Hi Min, That is the expected functionality. Only the changes from cr-2 will be applied and any cr-1 changes will be discarded. If the user wants to maintain the cr-1 changes, then they should specify maxPods again in cr-2. We pick the most recent kubelet config changes, we don't combine all the existing ones. Moving back to on_qa.
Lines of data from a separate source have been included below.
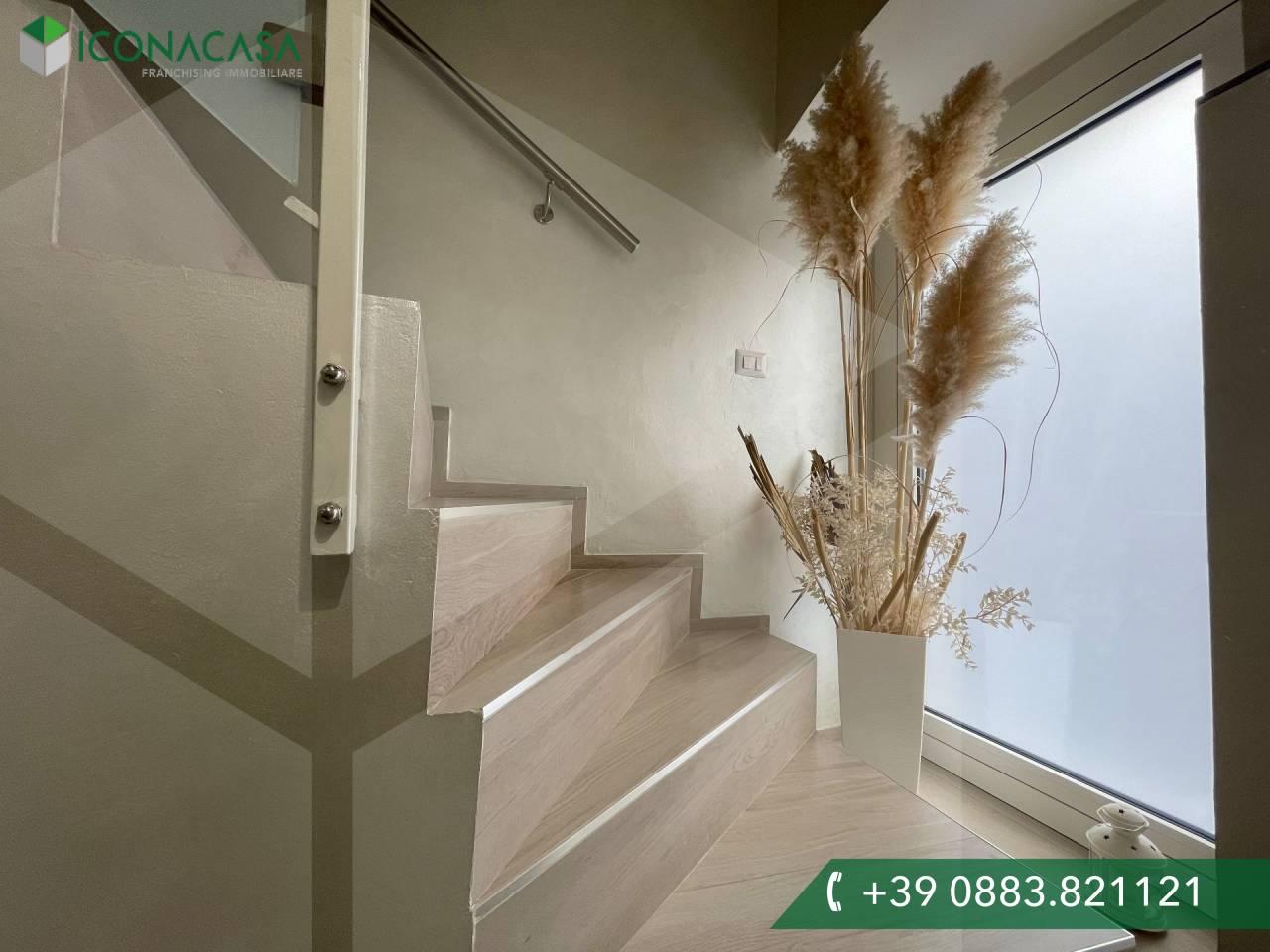 3-salle Appartement à Andria, Italy No. 15135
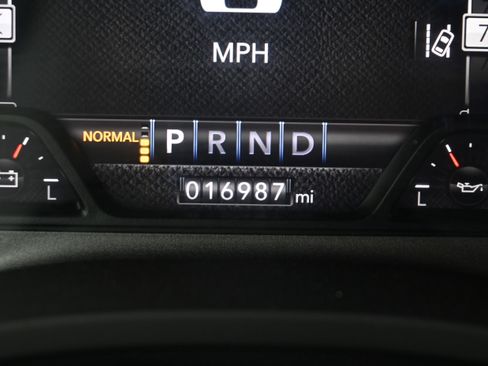 Used 2022 RAM 1500 Limited image 25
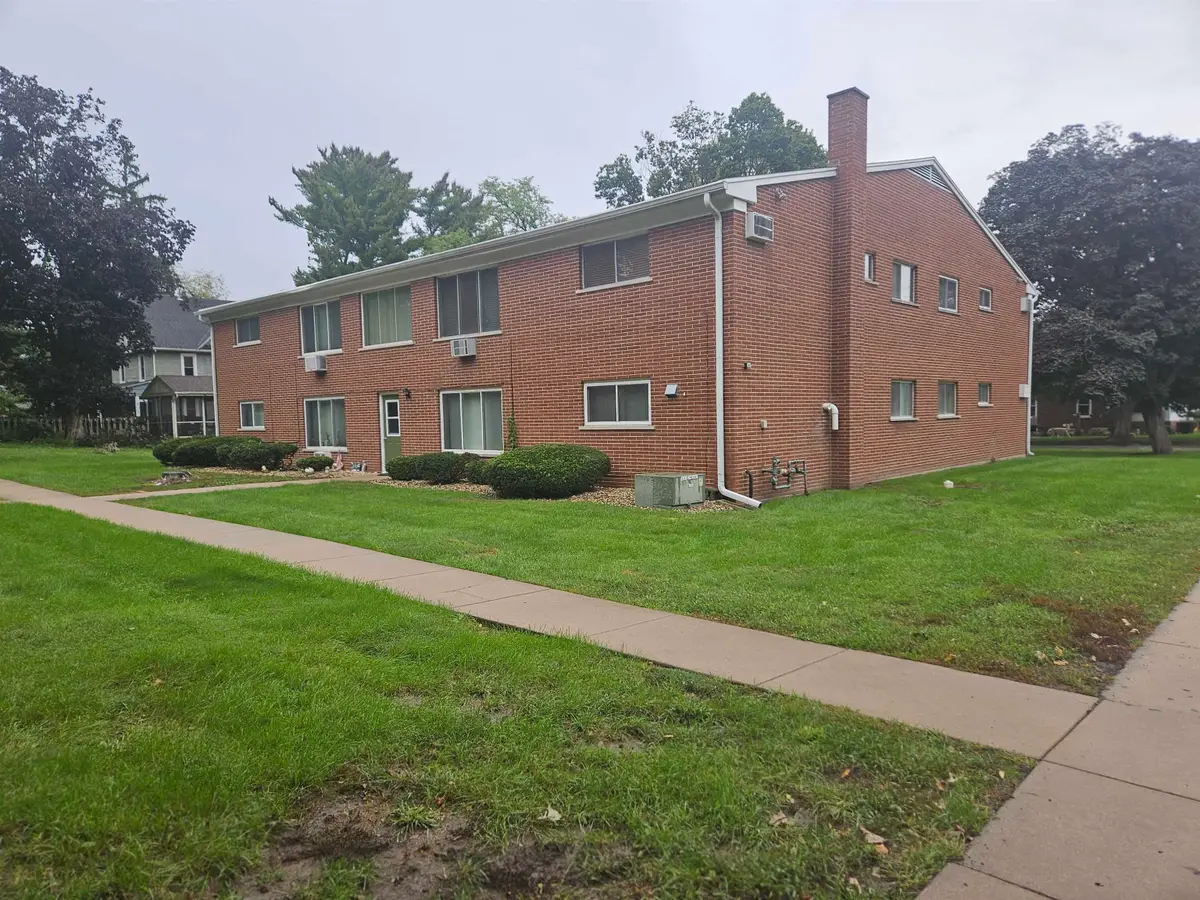 124 N Whistler Avenue #A2, Freeport, IL 61032 - #1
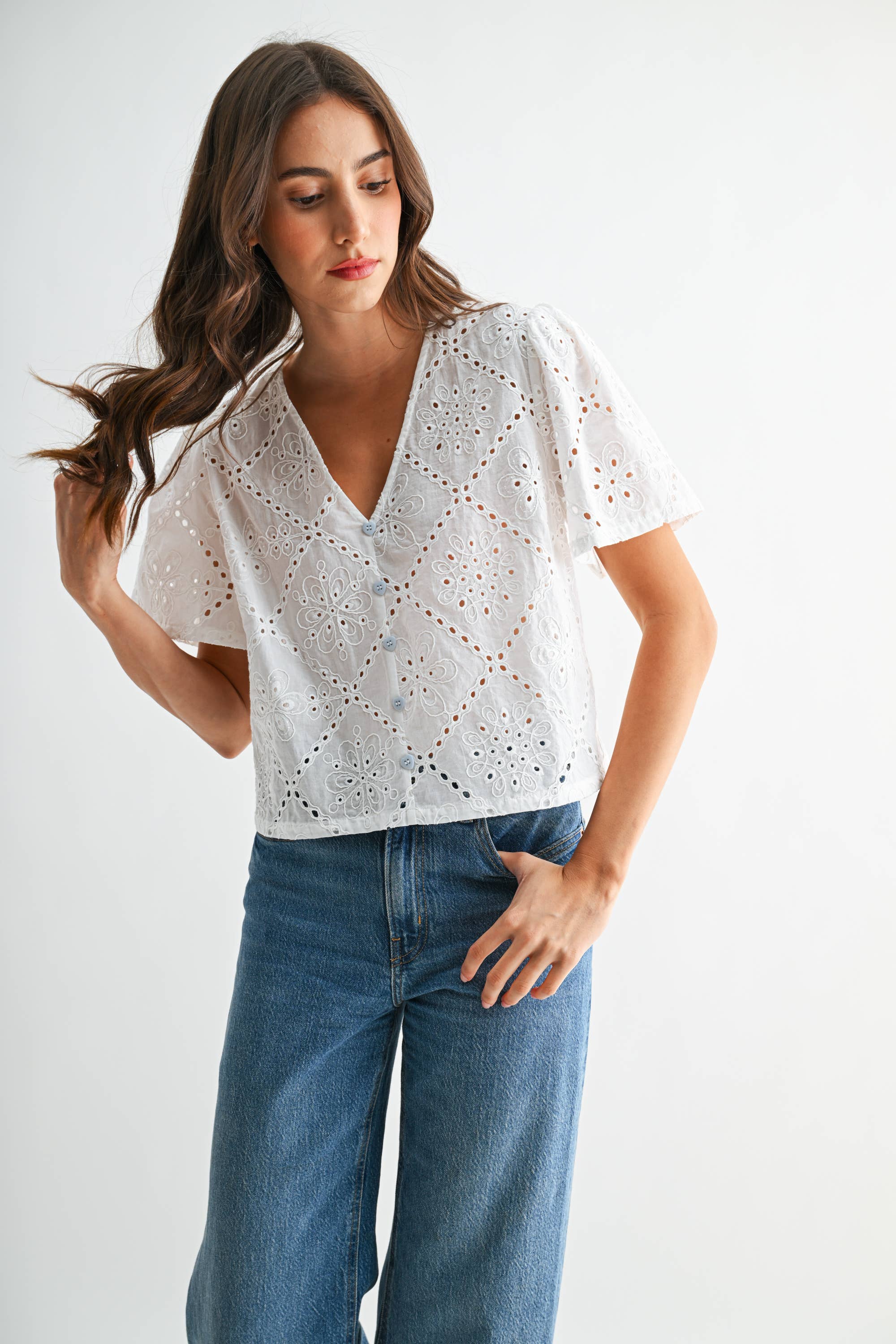CMT26708 White Broderie Anglaise Short Sleeve Blouse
(In reply to Urvashi Mohnani from comment #12) > Hi Min, > > That is the expected functionality. Only the changes from cr-2 will be > applied and any cr-1 changes will be discarded. If the user wants to > maintain the cr-1 changes, then they should specify maxPods again in cr-2. > We pick the most recent kubelet config changes, we don't combine all the > existing ones. Moving back to on_qa. Hi, Urvashi Mohnani via pr https://github.com/openshift/machine-config-operator/pull/2366, I found it's another thing: - How to verify it Start a cluster and create multiple kubelet config CRs, then delete them and see that the changes on the node rolls back to the previous kubelet config CR and not directly to the defaults. Also, each kubelet config CR will have its own MC and the suffix of the MC name will be stored as annotation in the kubelet config CR.
Hi, Urvashi Mohnani Perhaps I misunderstand your meaning, what you said in Comment 12 doesn't contradict the content in pr 2366. Please ignore Comment 13. But when I created 3 kubeletconfig cr-1, cr-2, cr-3, cr-3 didn't generate any new mc. Indeed cr-3 matched the mc which cr-2 generated. For example: kubeletconfig mc cr-1 99-worker-generated-kubelet cr-2 99-worker-generated-kubelet-1 cr-3 99-worker-generated-kubelet-1 When I wait some time(about 20 minutes) after the creation of cr-3, its mc (99-worker-generated-kubelet-1) render a new mc which mcp worker can roll out to. Yet in normal case, it should render the new mc at once. So I think there is something wrong with MCO, and I will attch mcc log.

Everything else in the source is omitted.